Equally, while HPC has coupled general-purpose processors with super low latency networking, this workload allows for slightly higher latency envelopes, tied to an accelerated specialized compute setup.
“You don't need that ultra-tight, almost nanosecond latency with tremendous bandwidth at the full scale,” Vahdat said.
“You still need it, but at medium to large scale not at the extra large scale. I do see the parallels with supercomputing, but the second and third-order differences are substantial. We are already into uncharted territory.”
The company differentiates itself from traditional HPC by calling it “purpose-built supercomputing for machine learning,” he said.
At Google, that can mean large clusters of its in-house TPU chip family (it also uses GPUs). For this type of supercomputing, it can couple 4,096 TPUv4s. “It's determined by your topology. We happen to have a 3D Torus, and the radix of your chip,” Vahdat said, essentially meaning that it is a question of how many links come out of every chip and how much bandwidth is allocated along every dimension of the topology.

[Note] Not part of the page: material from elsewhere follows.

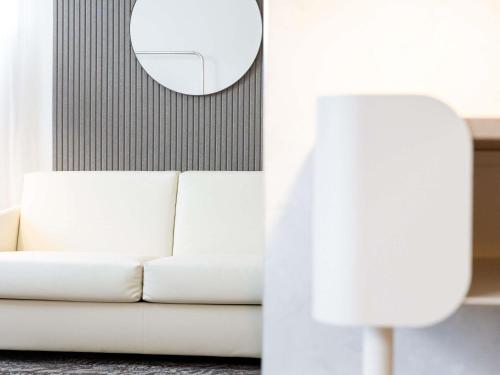 a white couch and a lamp in a living room at Novotel Paris 13 Porte d'Italie in Le Kremlin-Bicêtre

“So 4,096 is really a technology question and chip real estate question, how much did we allocate to SerDes and bandwidth off the chip? And then given that number and the amount of bandwidth that we need between chips, how do we connect the things together?”
Vahdat noted that the company “could have gone to, let's say double the number of chips, but then we would have been restricting the bandwidth. So now you can have more scale, but half the bisection bandwidth, which was a different balance point.”
The sector could go even more specialized and build clusters that aren’t just better at machine learning, but are specifically better at LLMs - but for now, the sector is moving too fast to do that.
However, it is driving Google to look beyond what a cluster even means, and stitch them together as a single larger system. That could mean combining several clusters within a data center.
But, as these models get larger, it could even mean multiple data centers working in tandem. “The latency requirements are more smaller than we might think,” he said. “So I don't think that it's out of the question to be able to couple multiple data centers.”
All of this change means that traditional lines of what constitutes a data center or a supercomputer are beginning to blur. “We are at a super exciting time,” he said. “The way that we do compute is changing, the definition of a supercomputer is changing, the definition of computing is changing.
“We have done a lot in the space over the past couple of decades, such as with TPUv4. We're going to be announcing the next steps in our journey, in the coming months. So the rate of hardware and software innovation is not going to be slowing down in the next couple of years.”